ECLI:NL:CRVB:2014:3416
Centrale Raad van Beroep
- Tussenuitspraak bestuurlijke lus
- J.F. Bandringa
- M. Hillen
- F. Hoogendijk
- Rechtspraak.nl
Tussenuitspraak over herziening, intrekking en terugvordering van bijstand wegens onduidelijke kasstortingen
In deze tussenuitspraak van de Centrale Raad van Beroep, gedateerd 21 oktober 2014, wordt de herziening, intrekking en terugvordering van bijstand van appellant besproken. Appellant ontvangt sinds 11 juni 1996 bijstand op basis van de Wet werk en bijstand (WWB). Tijdens een heronderzoek door de gemeente Delft werd vastgesteld dat appellant in de periode van 12 maart 2010 tot en met 4 maart 2011 regelmatig contante stortingen op zijn bankrekening heeft gedaan, in totaal € 9.220,-. Deze stortingen waren niet gemeld bij het college, wat leidde tot de intrekking van de bijstand over bepaalde perioden en de terugvordering van eerder verstrekte bijstand.
De rechtbank had het beroep van appellant tegen het bestreden besluit ongegrond verklaard, maar appellant ging in hoger beroep. De Raad oordeelt dat appellant de inlichtingenverplichting heeft geschonden door de kasstortingen niet te melden. Dit levert een rechtsgrond op voor de intrekking van de bijstand, tenzij kan worden vastgesteld dat appellant recht had op bijstand, ook al is dit nihil. De Raad concludeert dat de herkomst van de kasstortingen niet aannemelijk is gemaakt door appellant, die geen verifieerbare gegevens heeft overgelegd.

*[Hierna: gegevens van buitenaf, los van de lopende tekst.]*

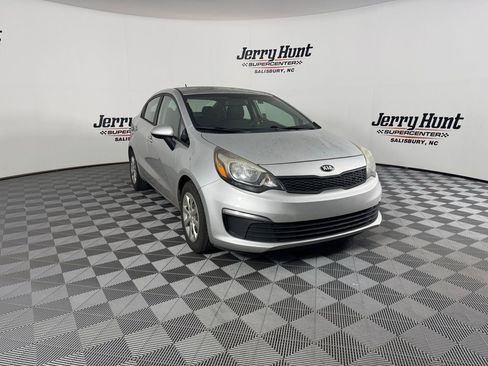 Used 2017 Kia Rio LX image 6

De Raad vernietigt het besluit van het college van 23 september 2011 wegens ondeugdelijke motivering en draagt het college op om binnen zes weken een nieuw besluit op bezwaar te nemen, rekening houdend met de overwegingen van de Raad. De uitspraak benadrukt het belang van het voldoen aan de inlichtingenverplichting en de gevolgen van het niet nakomen daarvan voor het recht op bijstand.